• Problem
The entries are to be printed again word for word, but no picture may appear.

• Working data
────────

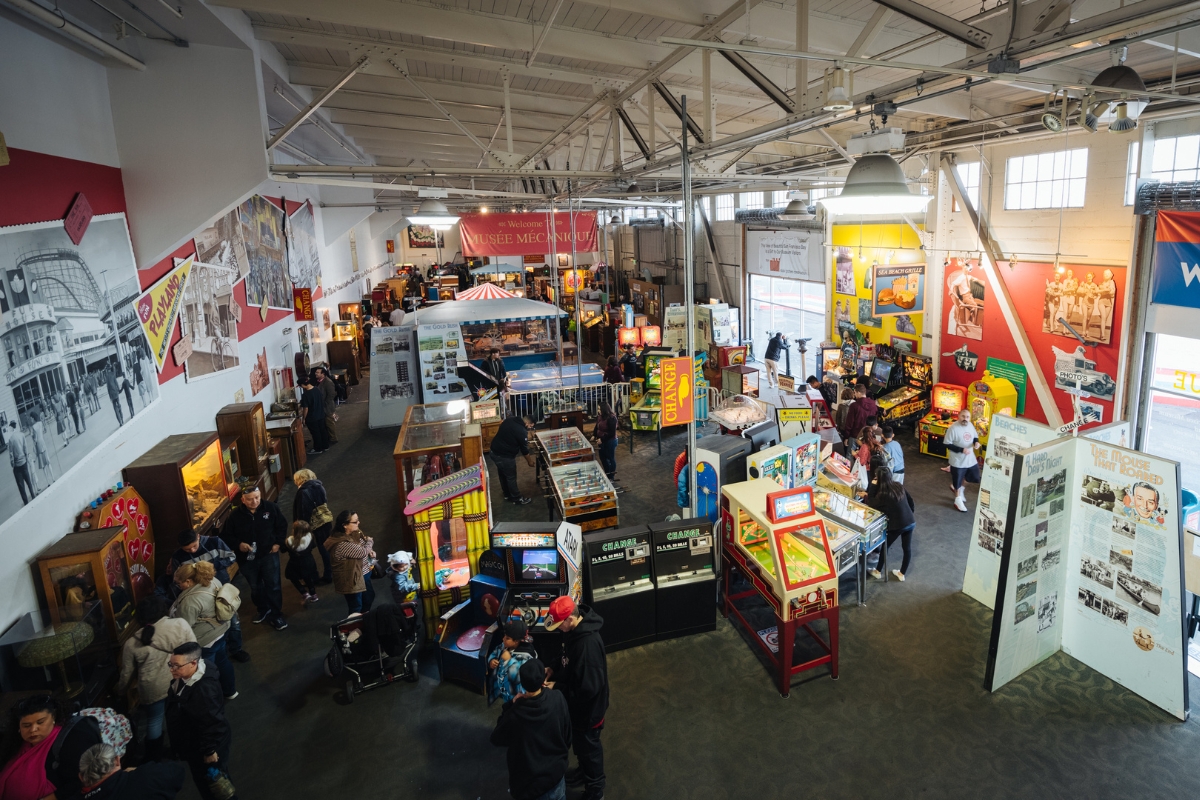 Indoor mechanical museum featuring vintage arcade games, pinball machines, and historical exhibits with visitors exploring the collection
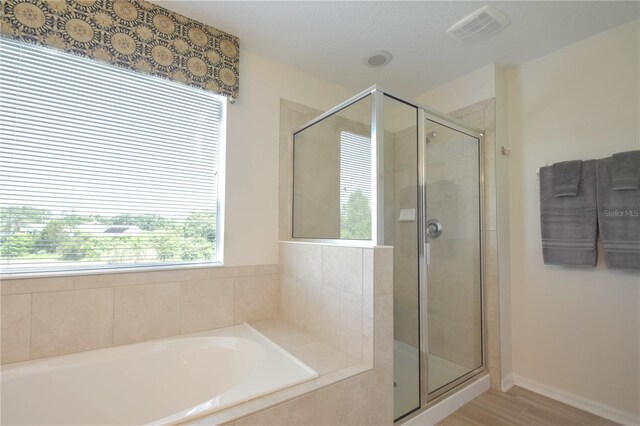 5908 Paxton Ct, Apopka, FL 32703 - bathroom featuring a garden tub, a stall shower, and wood finished floors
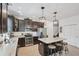 Well-equipped kitchen with stainless steel appliances, pendant lighting, and granite countertops at 11037 77Th E St, Parrish, FL 34219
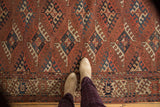 Antique Turkmen carpet's geometric guls, implied lattice, and vibrant border in chestnut, navy, beige.
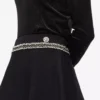 Bouclé-detaljeret striknederdel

────────

• Answer box
 Indoor mechanical museum featuring vintage arcade games, pinball machines, and historical exhibits with visitors exploring the collection
 5908 Paxton Ct, Apopka, FL 32703 - bathroom featuring a garden tub, a stall shower, and wood finished floors
 Well-equipped kitchen with stainless steel appliances, pendant lighting, and granite countertops at 11037 77Th E St, Parrish, FL 34219
 Antique Turkmen carpet's geometric guls, implied lattice, and vibrant border in chestnut, navy, beige.
 Bouclé-detaljeret striknederdel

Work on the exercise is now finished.